A partir de ese momento, la dirección del teatro entendió que las demandas del fantasma debían cumplirse. Las exigencias de Erick eran una renta mensual de 20,000 francos franceses, una fortuna para aquella época, y que se mantuviera a su disposición permanentemente y sin que se le reservara a nadie el palco número 5. Incluso hoy, encima de la puerta de acceso a este palco 5, hay una placa que dice que es el palco del Fantasma de la Ópera.

La novela de Gaston Leroux sirvió de inspiración para muchas películas, ballets e incluso la famosa revista musical de Broadway, que es la que en nuestros tiempos le ha dado mayor difusión en todo el mundo a la obra de Leroux y ello desde 1986, año de su primera presentación.

No podemos negar que, al menos en la mente de muchos, en el Palacio Garnier y en todo lo que a él está relacionado existen elementos que hacen pensar en hechos sobrenaturales.

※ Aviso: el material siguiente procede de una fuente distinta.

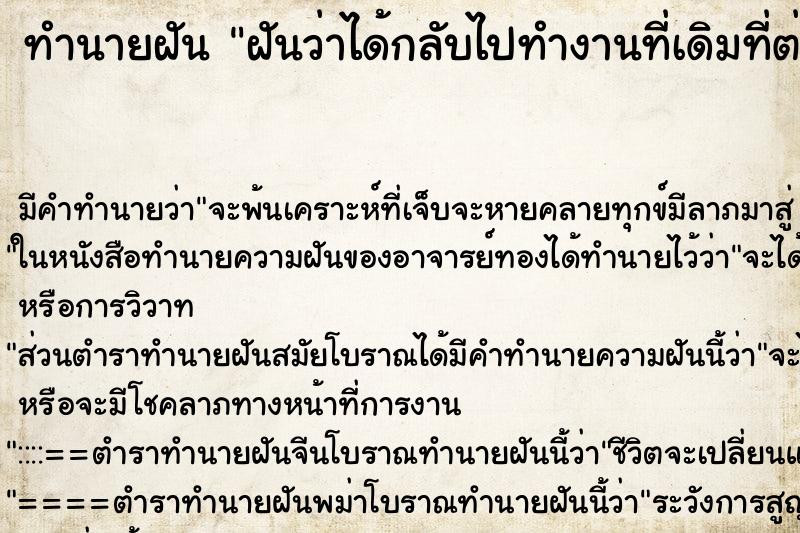 ทำนายฝัน ฝันว่าได้กลับไปทำงานที่เดิมที่ต่างประเทศ ทำนายฝัน ฝันว่าได้กลับไปทำงานที่เดิมที่ต่างประเทศ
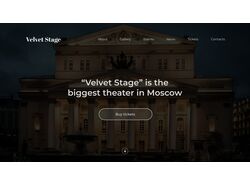 театр в москве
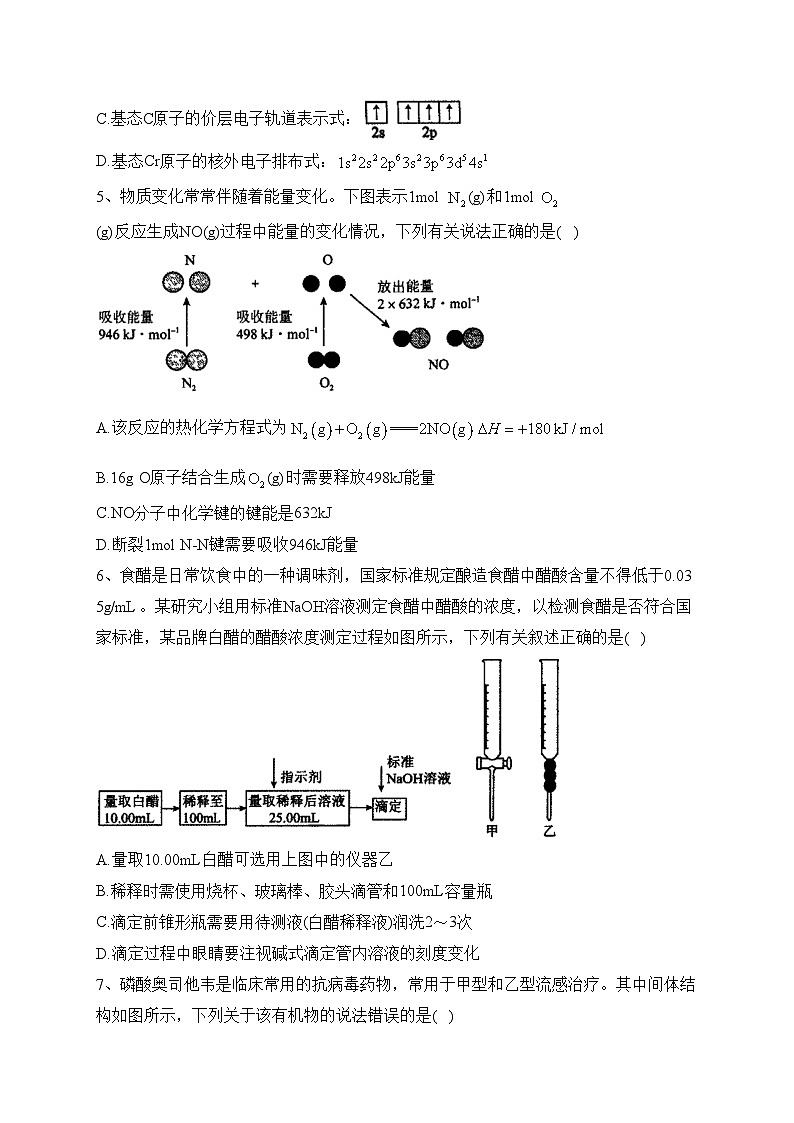 河南省濮阳市2022-2023学年高二下学期期末学业质量检测化学试卷（含答案）02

Cuando el grupo que presentaba la revista musical en Nueva York decidió llevarla a París (sólo en 2016) todo se preparó para que se realizara en el teatro Mogador, que lleva el nombre de la calle Mogador donde se encuentra, también en el 9no. distrito de París, a sólo unas pocas cuadras del teatro por el que comenzó toda esta historia, el Teatro de Ópera Le Peletier. Pocos días antes de la presentación parisina se produjo un inmenso incendio. La realidad es que nunca se conocieron sus orígenes. El incendio fue de tal envergadura que destruyó toda la escenografía y el vestuario. Huelga decir que no hubo presentación.

Con todos estos elementos, le corresponde al amable lector tener su propia opinión de si el Palacio Garnier de Ópera y Ballet de París está embrujado o no.